Technical characteristics of the radiosondes.

On September 8 1944 the “service of radiosondes” of the National Observatory of Cuba was formally inaugurated (Millás, 1945). These facilities were at the time the most advanced things as for investigation techniques applied to meteorology.

The devices consisted of two globes of “synthetic rubber” (artificial). The bigger globe was able to support a tension that potentially allowed it to arrive to a height 65 600 feet (»20 km), and it had suspended the classic parachute to assure the soft descent of the recoverable instruments.

Underneath another smaller globe was placed, of red color that carried ballast in its interior consistent in some 300 g of sand, with the purpose of regulating the ascendant speed of the group in the low levels of the troposphere. The two balloons were filled with helium. Finally the radiosonde device or radiometeorograph was suspended.

At about 9 800 feet (»3 km) the secondary globe exploded, and the radiosonde ascended only with the main spheroid. The ascendant speed should be controlled, in order to synchronize it with the inertia or intrinsic response delay of the instruments following the changes in the value of the meteorological variables with height; this situation affected the hygrometer in particular.

The sensibility of the meteorological instruments had limitations, and some error margins were tolerated. The type of aneroid barometer used only two capsules of Vidi, and it was qualified by Millás as “acceptable”; the thermometers, consistent in an electric resistance with ceramic elements, had an error of ±0,5°C; lastly, the hygrometers gave a margin of up to 5% error in their readings.

The radio transmitter operated in the range of ultrashort waves, in the frequency of 72 MHz, and had a power of 0,5 W. The manufacturers had chosen an energy source consisting in a battery “of 3 V on the filament and 90 V at the plates” (Larragoiti, 1945).
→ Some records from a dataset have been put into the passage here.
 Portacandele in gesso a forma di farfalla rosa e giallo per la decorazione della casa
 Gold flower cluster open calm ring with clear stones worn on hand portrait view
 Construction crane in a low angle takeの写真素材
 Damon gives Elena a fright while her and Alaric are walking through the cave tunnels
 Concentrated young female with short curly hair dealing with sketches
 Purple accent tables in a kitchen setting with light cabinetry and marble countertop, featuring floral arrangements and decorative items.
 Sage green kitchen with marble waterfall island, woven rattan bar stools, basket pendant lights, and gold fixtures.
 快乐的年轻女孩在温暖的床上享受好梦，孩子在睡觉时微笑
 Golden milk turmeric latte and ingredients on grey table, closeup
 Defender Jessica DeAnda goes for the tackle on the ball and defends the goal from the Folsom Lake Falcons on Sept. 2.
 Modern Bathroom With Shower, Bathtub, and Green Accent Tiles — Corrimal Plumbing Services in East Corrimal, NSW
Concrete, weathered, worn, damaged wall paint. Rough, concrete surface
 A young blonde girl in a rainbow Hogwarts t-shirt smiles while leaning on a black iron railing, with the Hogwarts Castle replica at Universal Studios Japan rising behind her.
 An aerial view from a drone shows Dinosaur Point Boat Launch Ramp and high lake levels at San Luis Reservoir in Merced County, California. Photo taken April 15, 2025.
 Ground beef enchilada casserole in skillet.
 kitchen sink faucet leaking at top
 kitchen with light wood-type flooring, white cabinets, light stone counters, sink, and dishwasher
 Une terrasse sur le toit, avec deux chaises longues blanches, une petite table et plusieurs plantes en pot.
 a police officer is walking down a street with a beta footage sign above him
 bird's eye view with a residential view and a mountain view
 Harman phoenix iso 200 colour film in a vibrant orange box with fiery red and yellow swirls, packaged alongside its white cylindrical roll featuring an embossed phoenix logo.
The device emitted two signals of fixed frequency, called “reference” that served of comparison point with the signals corresponding to the three variables.

In total, the device weighed 1,2 kg approximately, and its dimensions (in cm) were 20,32 for 10,16 for 20,32. In one of the sides of the container a legend was placed that pointed out: “Return to: National Observatory, Casablanca, Havana”, dedicated to whoever found the device after its return to earth.